To get to this function one must create a QString with the field values separated by a '|'.
I think I stated that. If not I do apologize.
But it does seem logical, given the code , that the data is unpacked from the supplied string. It has to be a QString segment to be concatenated to the string supplied to this function.
Besides, the origin should not matter. Even if it came from some other source, the use of the QTranslator, QString, and UTF-8 character set at the system-level should not have this problem.
The letters with diacritical marks are in the UTF-8 character set. Not all fonts display them correctly, but I have tried quite a few different fonts and none display the French or Scandinavian characters correctly.
-
@ad5xj said in Qt 5.14.1 QSqlModel and French Characters.:
But it does seem logical, given the code , that the data is unpacked from the supplied string
Besides, the origin should not matter.It does matter where this string comes from - do you read it from a file or from a e.g.
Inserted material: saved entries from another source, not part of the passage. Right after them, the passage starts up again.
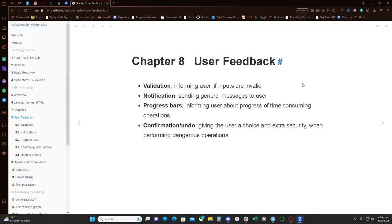Hello everyone, thank you for joining the Mastering Shiny book club today. Let me share my screen real quick. Okay, so today we're going to cover Chapter 8: User Feedback. Basically, what this chapter is about is the things that we want to tell the user directly.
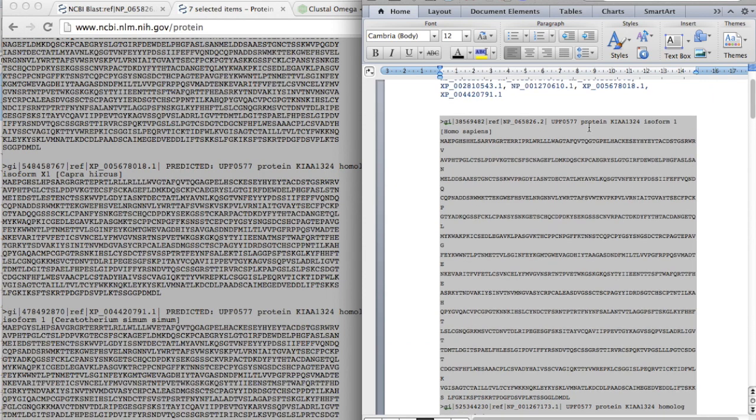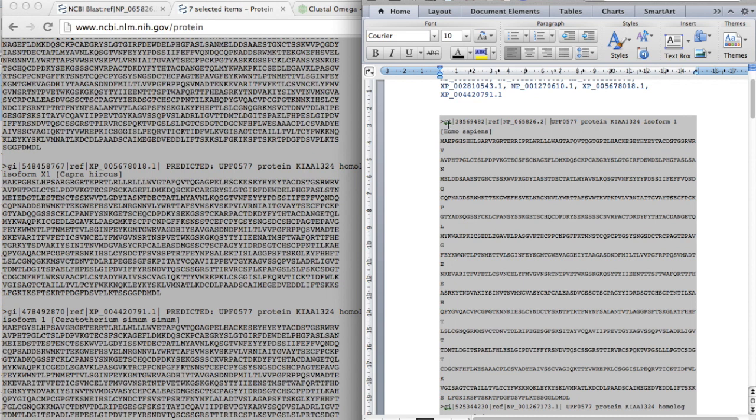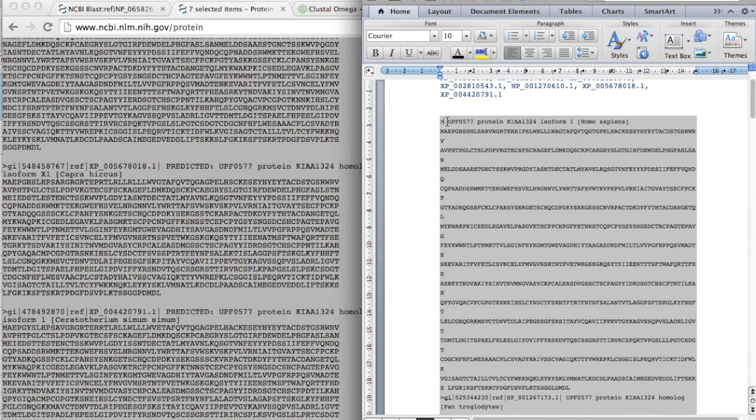And you can edit this. You can actually remove this and just replace it with Homo sapiens.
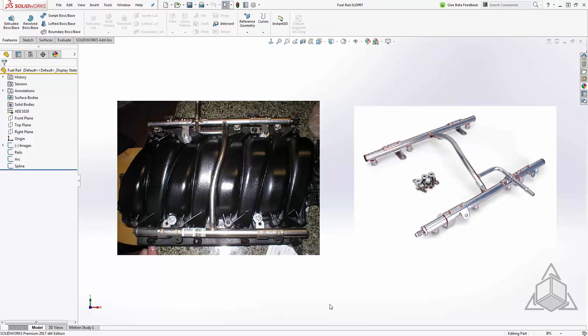So we'll take a look at creating something like this fuel rail where we have two parallel sections that are thin features intersected by this more interesting shape. Now there's a number of different ways we could do this in SOLIDWORKS, maybe build them as solids and shell them, but in this tip we'll be going over working with these using surfacing tools.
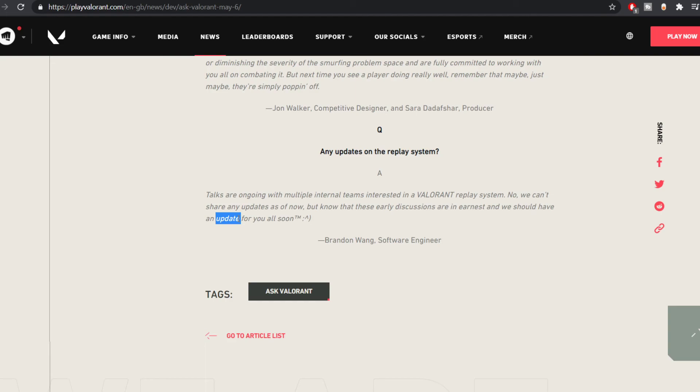So don't expect any update soon. It's going to take a long time if they are still in discussions. These are the two things that they answered in this AMA.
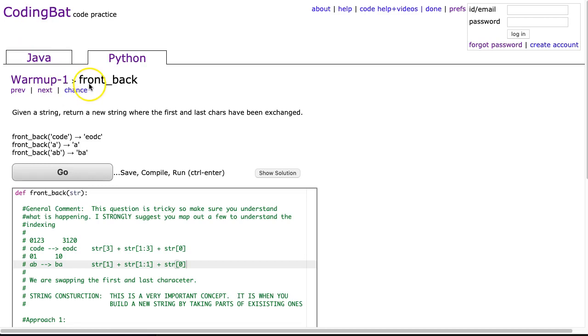We're going to look at tonight the front_back problem which is located in Warmup-1, and this video is looking at the Python solution. The question states, given a string, return a new string where the first and last chars or characters have been exchanged.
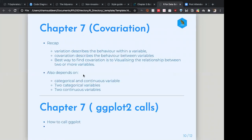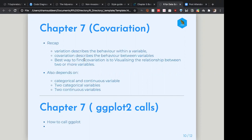The next topic is covariation. While variation describes the behavior within a single variable, covariation describes the behavior between variables. The best way to find covariation is to visualize the relationship between two or more variables. The approach you use depends on the types of variables involved: one categorical and one continuous, two categorical, or two continuous.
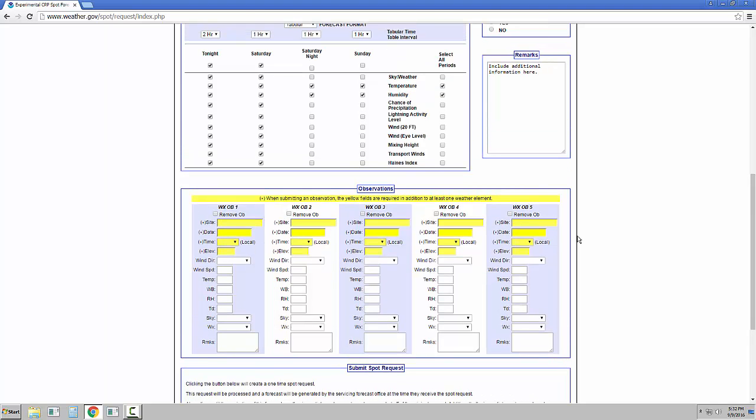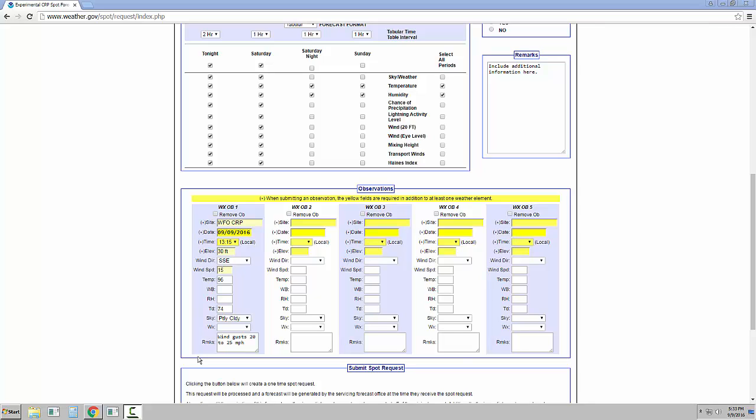Observation entry is now a bit more standardized with drop-down menus. The fields highlighted in yellow are mandatory for entering any observations you have. Although observations are not necessary for a SPOT request, it's greatly appreciated and helps the forecasters when compiling your SPOT request.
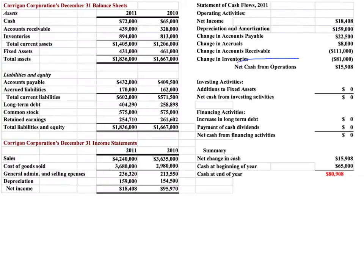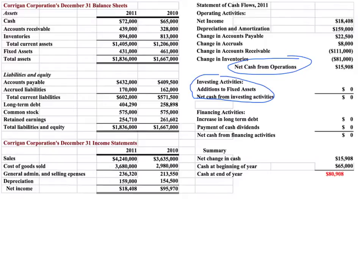Now that we've completed the net cash from operations calculations, let's go to investing activities. In this case, the only investing activity we're going to look at is our additions to fixed assets. So we want to look at the fixed asset account. We see that from the end of 2010 to the end of 2011, our net fixed assets went down by $30,000. So if that was the only piece of information we had, we might conclude that we sold some equipment and gained $30,000 of cash. But that's not all that happened — we've got to also look at the depreciation account.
QLineEdit? If the encoding there is wrong then it will be put wrong in the database.
-
@Christian-Ehrlicher I am obviously not communicating well.
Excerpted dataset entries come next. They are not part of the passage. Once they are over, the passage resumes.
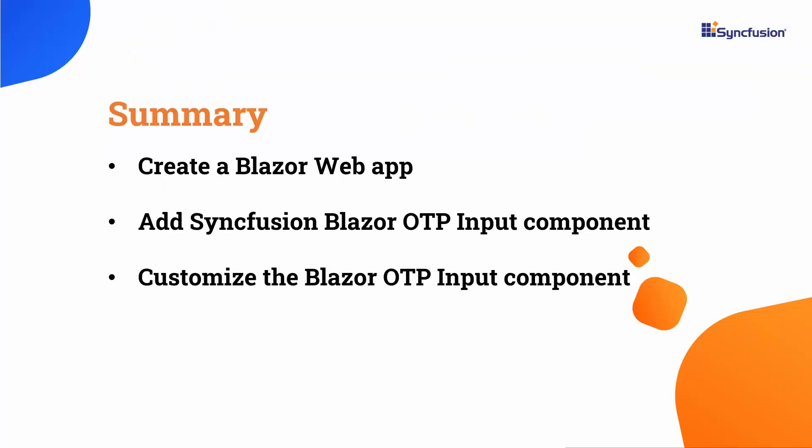Now let me summarize. I demonstrated how to begin customizing the Syncfusion Blazor OTP input component. If you want to see the working code of this example, you can download it from the GitHub link in the description below. I've also provided a link to see if you qualify for a free community license to use all our Blazor components. If you find this video useful, don't forget to click the like button and subscribe to our channel to watch more videos like this.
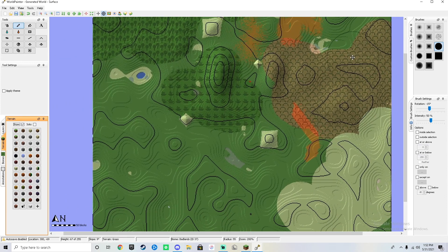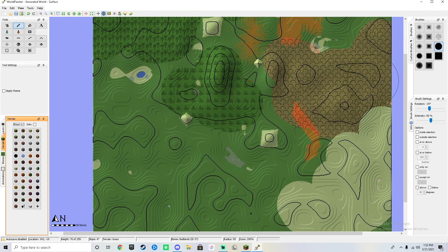If you enjoyed my basic tutorial on how to use World Painter, make sure to drop a like and subscribe. See you in another video.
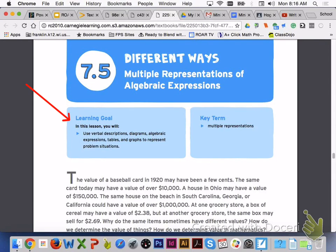Hi class. In Lesson 7.5, you will learn about multiple representations of algebraic expressions. Learning targets for today: you will use verbal descriptions, diagrams, algebraic expressions, tables, and graphs to represent different problem situations.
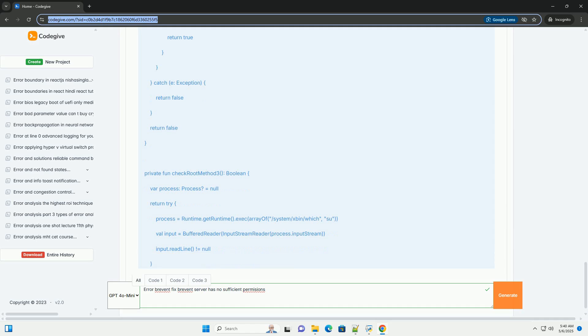Install ADB on your computer. Download the Android SDK platform tools (ADB) from the official Google developers website.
Regardless whether the data comes from a file or a QLineEntry it is assigned to a QString in order to be a segment of the QString f. In this case the offending data is part of data loaded from an external source in text format.
Are you saying that assignment will not change the data to UTF-8?
-
@ad5xj said in Qt 5.14.1 QSqlModel and French Characters.:
Are you saying that assignment will not change the data to UTF-8?
If you convert it wrong then QString will be wrong, yes.
This is working fine for me:
int main(int argc, char **argv) { QApplication app(argc, argv); QSqlDatabase db(QSqlDatabase::addDatabase("QSQLITE")); db.setDatabaseName(":memory:"); db.open(); QSqlQuery q; q.exec("CREATE TABLE tmp (name varchar);"); q.exec("INSERT INTO tmp (name) VALUES ('Ren\u00e9');"); q.exec("SELECT * FROM tmp;"); q.next(); QString str = q.value(0).toString(); QLabel lbl(str); lbl.show(); return app.exec(); }
-
@Christian-Ehrlicher Not sure how to answer your last reply.
The data is read into a QByteArray from a text file with a QIODeice as a QFile object opened as text, using the readAll() method. The resulting QByteArray is appended to a QString. That allows the data to be split into lines on the "\n" of each record.
Since the incoming data is delimited text, each line of text is parsed for each data field. The data in each field becomes the correct data type as detected by the parser.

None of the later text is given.